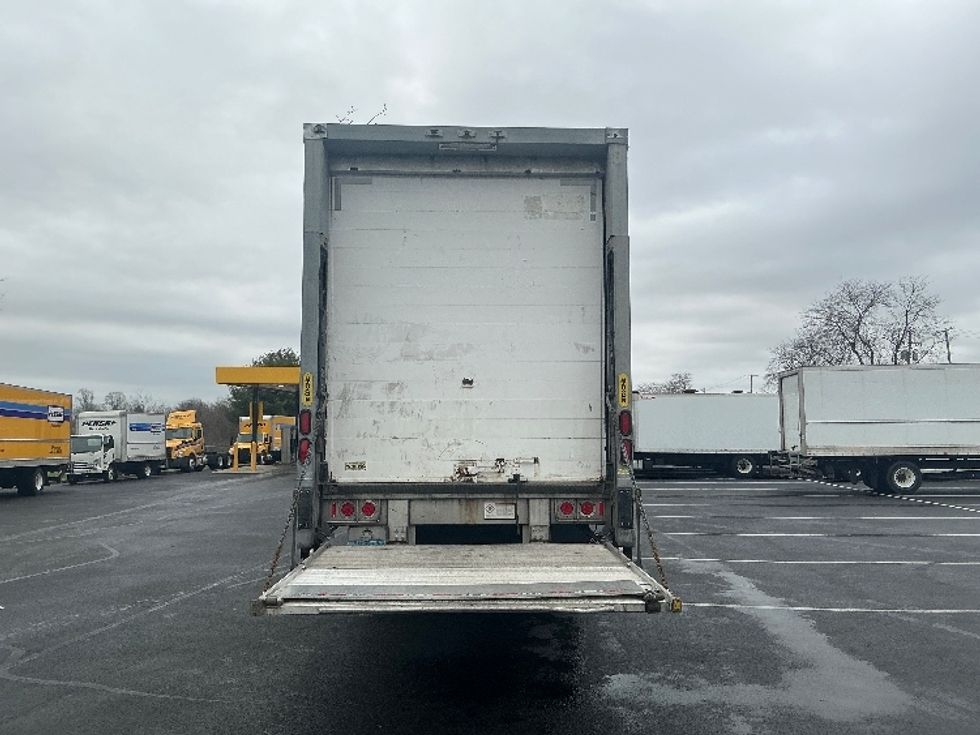 Refrigerated Trailer-Semi Trailers-Great Dane-2017-Trailer-Lexington-KY-741,155\n\t\tmiles-$ 25,000 - Image 6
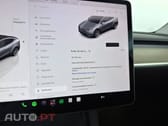 Tesla Model Y Tração Traseira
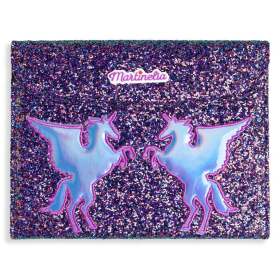 Martinelia Galaxy Dreams Make Up Wallet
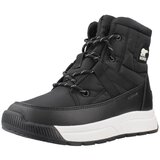Sorel Škornji za sneg WHITNEY III MID WP Črna | Shoptok.si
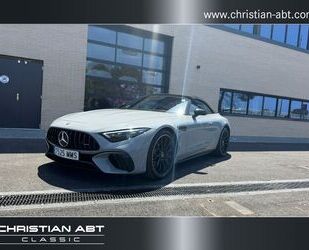 Mercedes-Benz SL 55 AMG Gebrauchtwagen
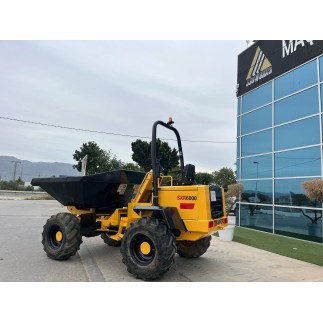 DUMPER BARFORD SXR6000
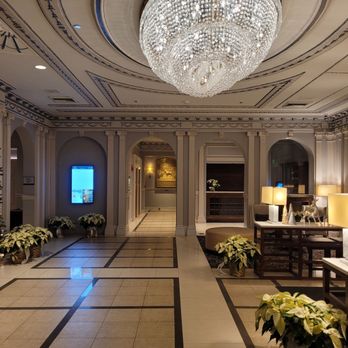 Sheraton Commander Hotel - Hotels Near Me - Cambridge, Massachusetts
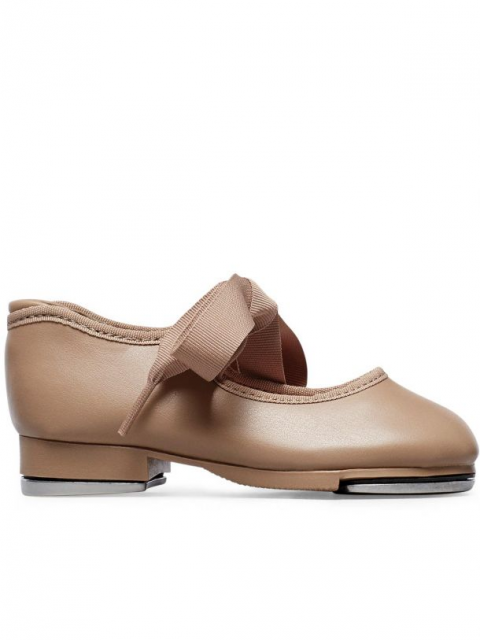 DanceOutfitters Capezio Shuffle Child Tap Shoe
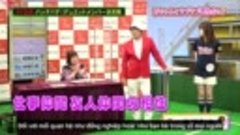 [Vietsub] 210801 AKB48 Team 8 no Kanto Hakusho Ep 92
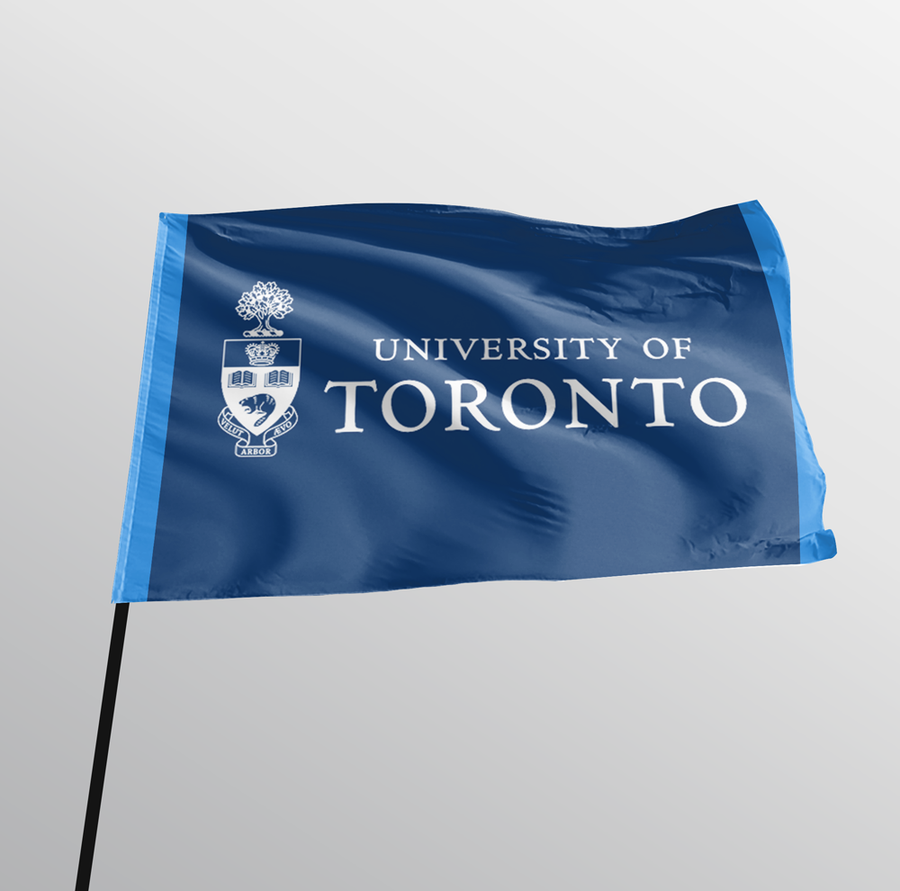 Custom Printed Flags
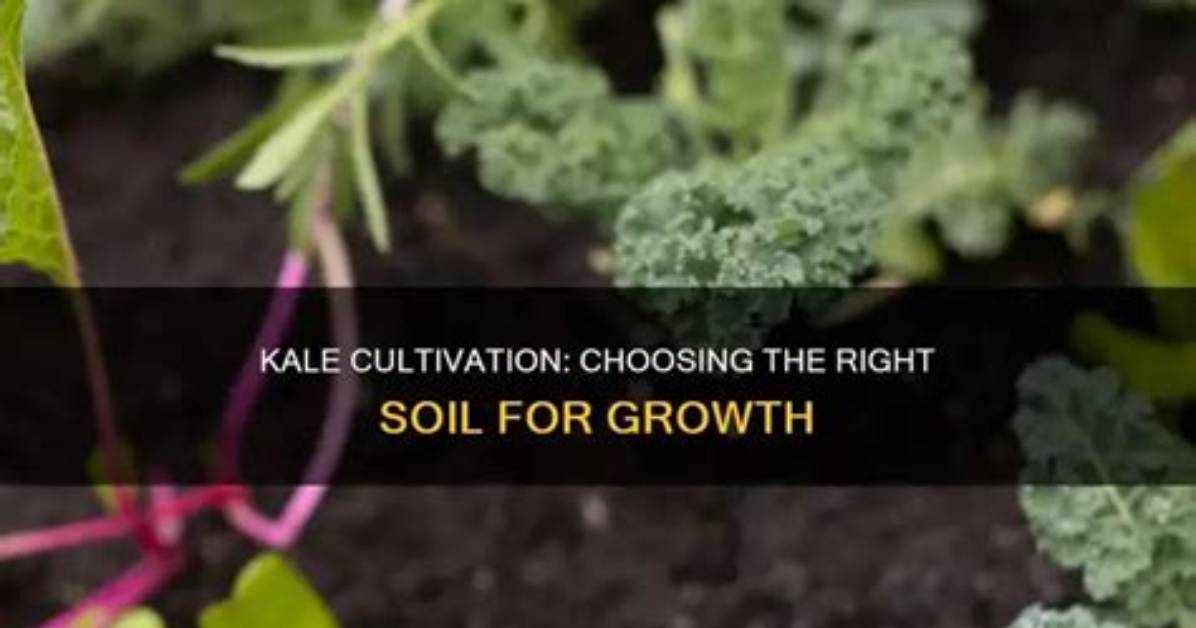 When Should Kale Be Planted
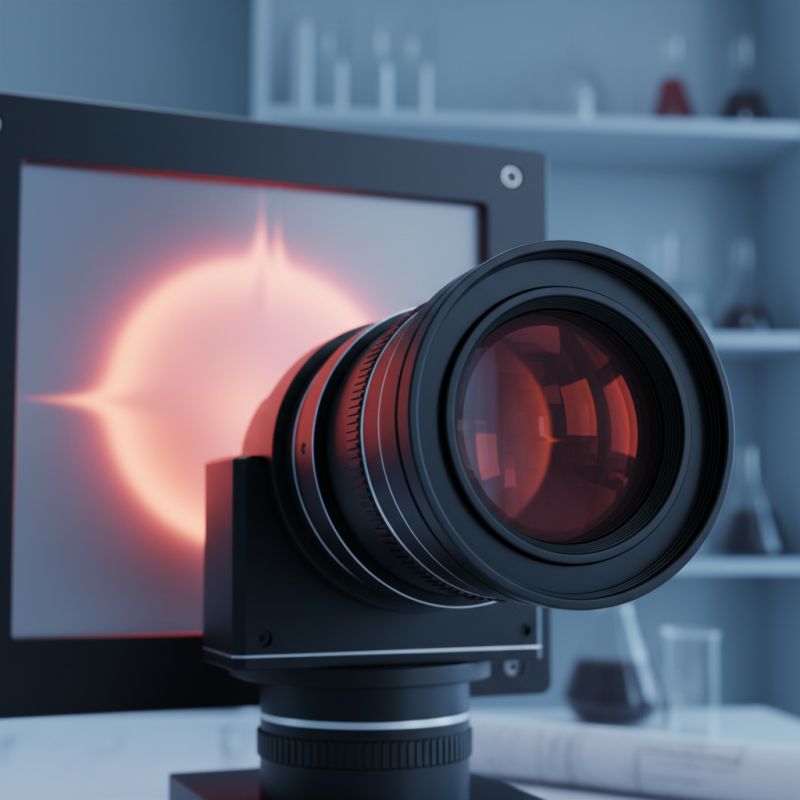 Why Choose Ir Lens for Your Optical Needs?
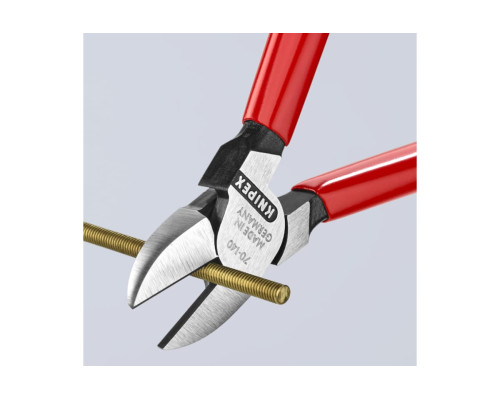 Бокорезы KNIPEX KN-7001140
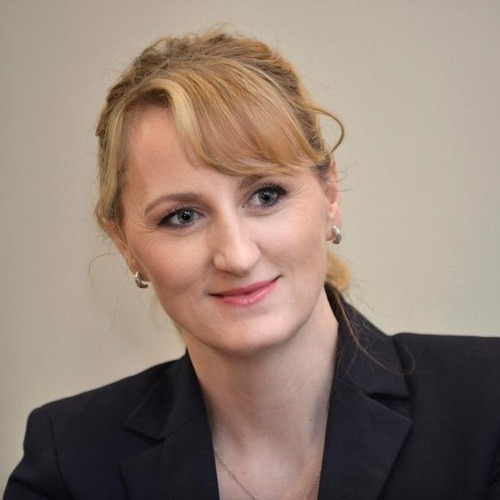 Rositsa Karamfilova-Blagova Profile Picture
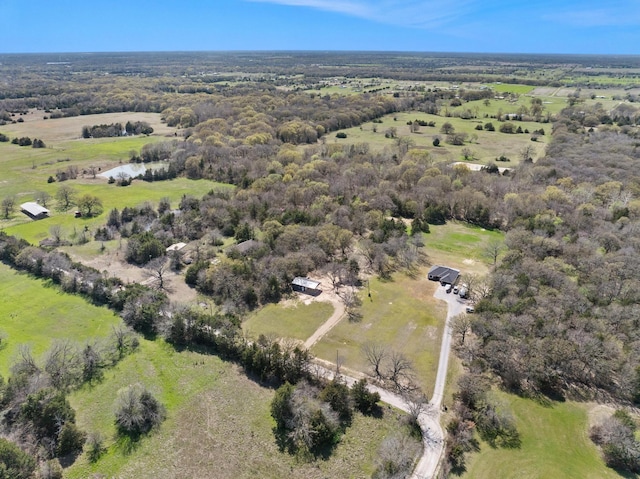 1101 County Road 2600, Bonham, TX 75418
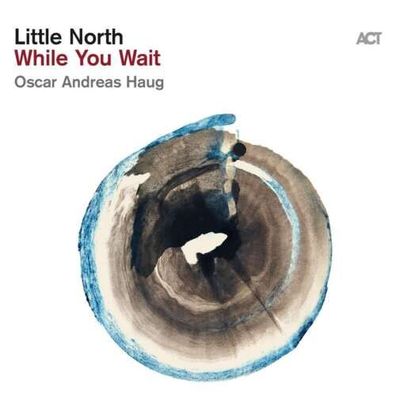 Little North While You Wait 180g 1LP Vinyl 2024 ACT
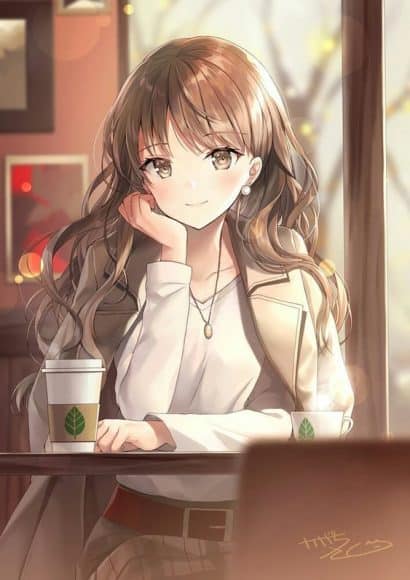Hãy chiêm ngưỡng những Anime girl dễ thương nhất trong thế giới manga. Từ ánh mắt ngây thơ, đến nụ cười tươi như hoa, cảm giác phấn khích của bạn sẽ được tràn đầy khi thưởng thức hình ảnh này. Bạn sẽ không thể rời mắt khỏi những cô gái anime đáng yêu này đâu!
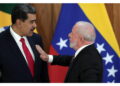 Dopo le critiche di Maduro al sistema elettorale brasiliano
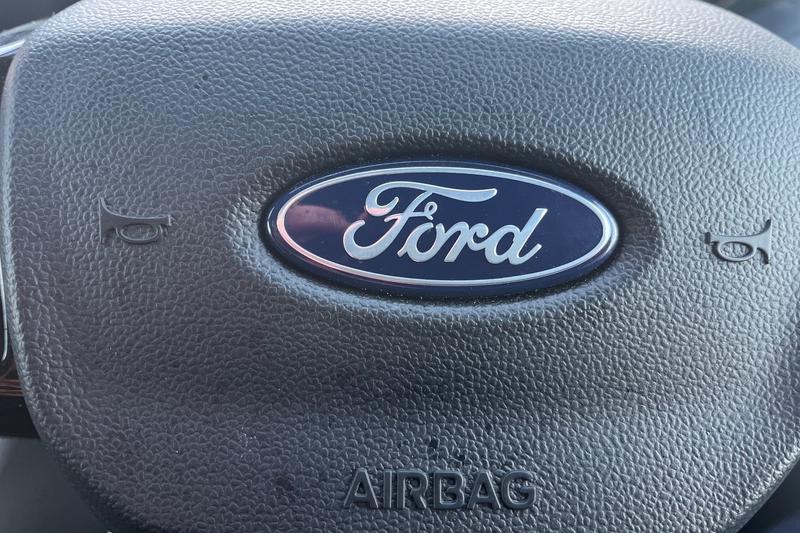 Used Ford Transit Custom 2024 for sale - 77132666: Photo 33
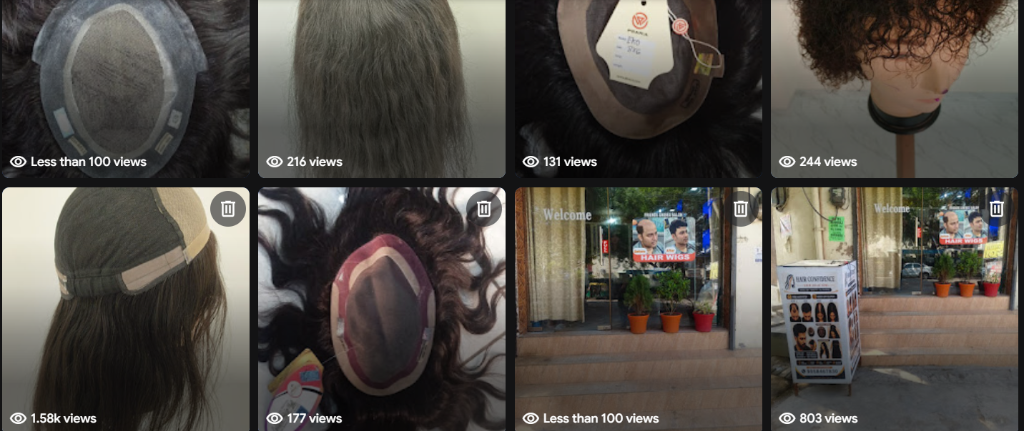 Friends Unisex Salon & Aurelian Crown Studio in Laxman Vihar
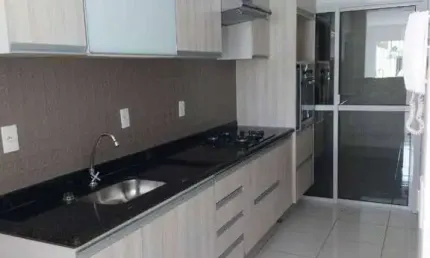 Apartamento à venda, 65 m² por R$ 270.000,00 - Riviera da Barra - Vila Velha/ES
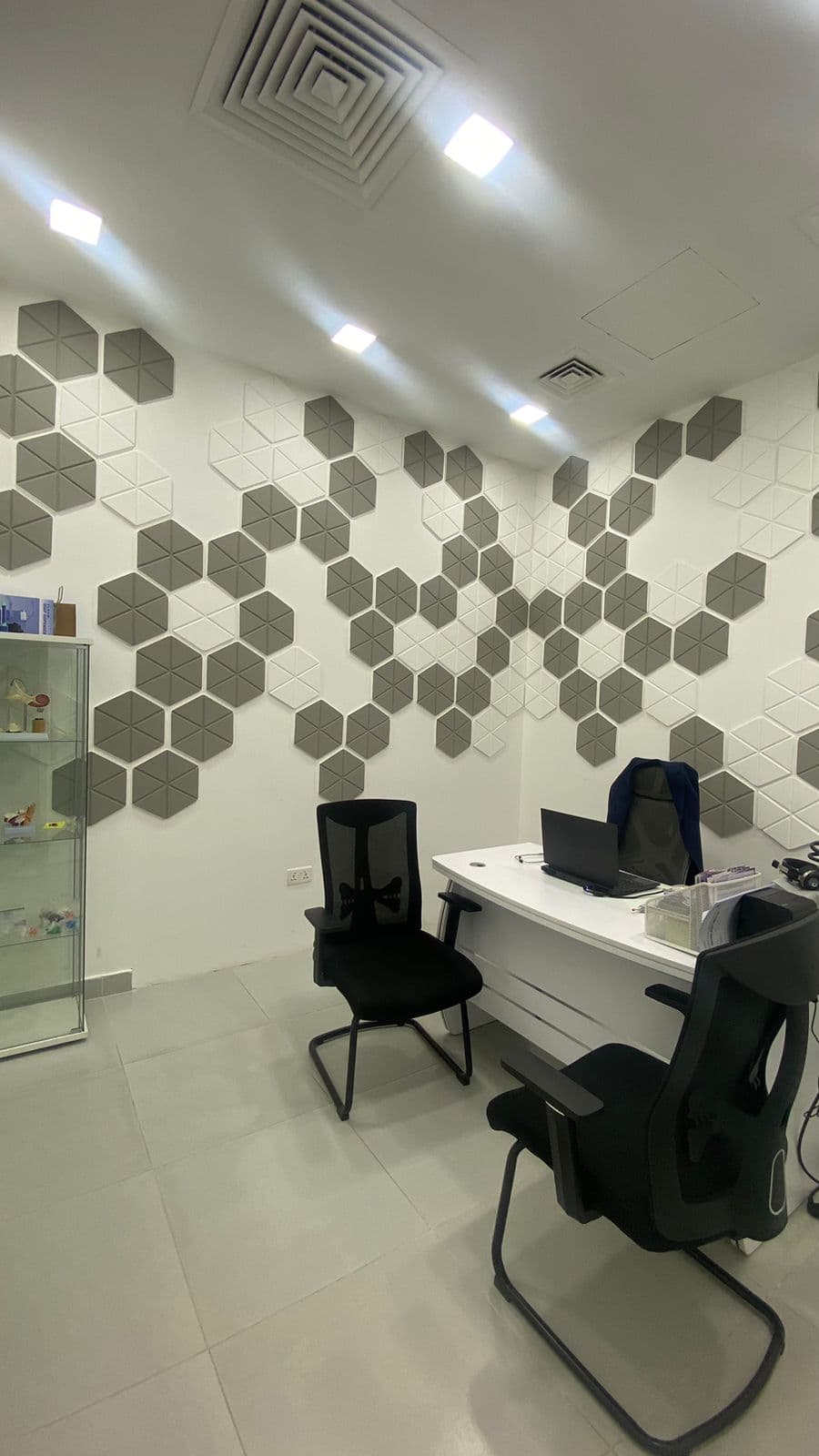 Jordan Hearing & Speech real clinic photo
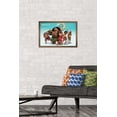 thumbnail image 3 of Disney Moana 2 - Groupe, 3 of 4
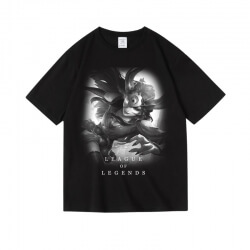 Trička LOL Sivir Tee League of Legends Varus Viktor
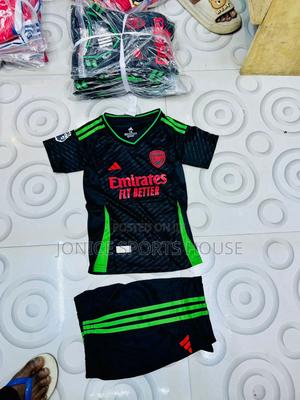 Kids Uniforms - thumbnail 2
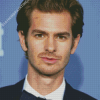 Andrew Garfield Diamond Painting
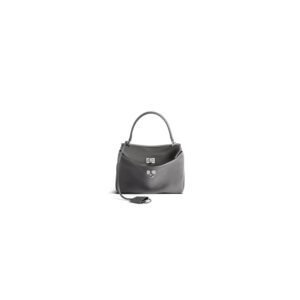 Balenciaga Women’s Rodeo Handbag Mini(HIGH-END GRADE)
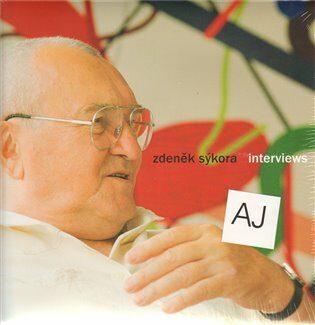 Interviews - Zdeněk Sýkora - Lenka Sýkorová,Pavel Kappel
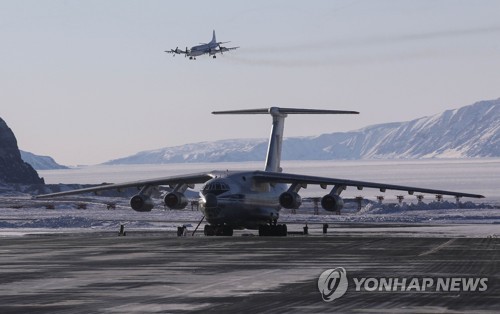 트럼프, 왜 그린란드 집착하나…"북극패권 잡고 국내이슈 분산"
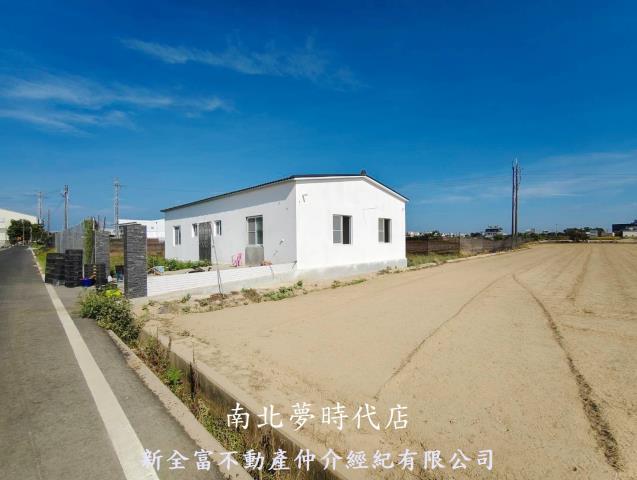 新市農地-12
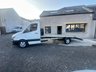 USED 2015 15 MERCEDES-BENZ SPRINTER 313 CDI 129BHP RECOVERY TRUCK Winch & Beacons Ready To Work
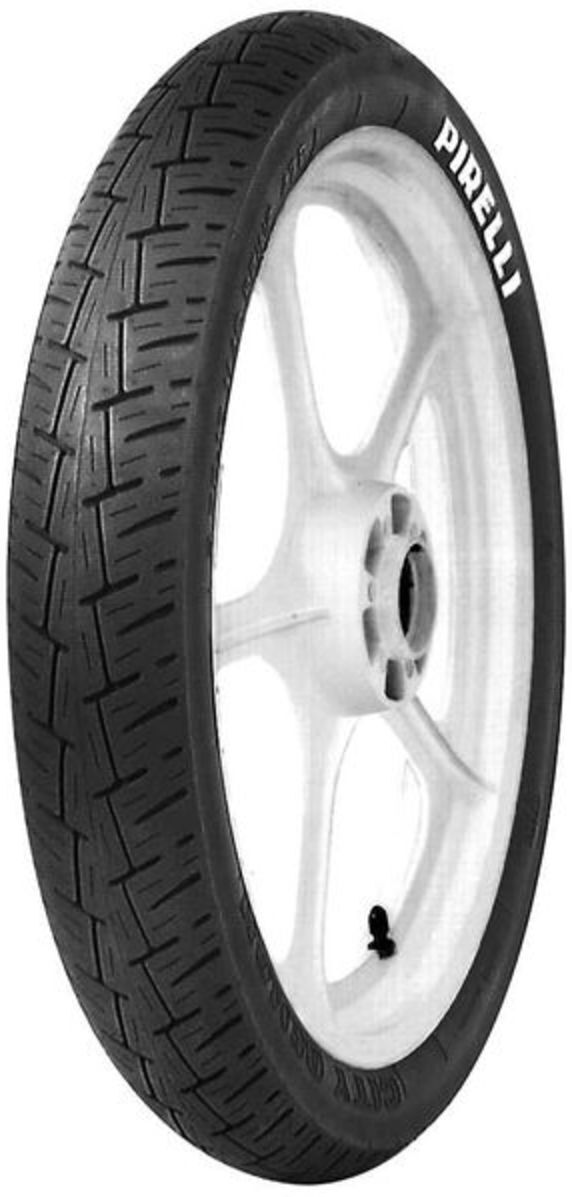 Pirelli CITY DEMON 3.50-18 TT, Motorradreifen hinten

* Work item:
Return, exactly and without extra lines, everything from the line with "트럼프, 왜 그린란드" through the last line of the material above, both included. Pictures must be dropped.

* Expected output:
 트럼프, 왜 그린란드 집착하나…"북극패권 잡고 국내이슈 분산"
 新市農地-12
 USED 2015 15 MERCEDES-BENZ SPRINTER 313 CDI 129BHP RECOVERY TRUCK Winch & Beacons Ready To Work
 Pirelli CITY DEMON 3.50-18 TT, Motorradreifen hinten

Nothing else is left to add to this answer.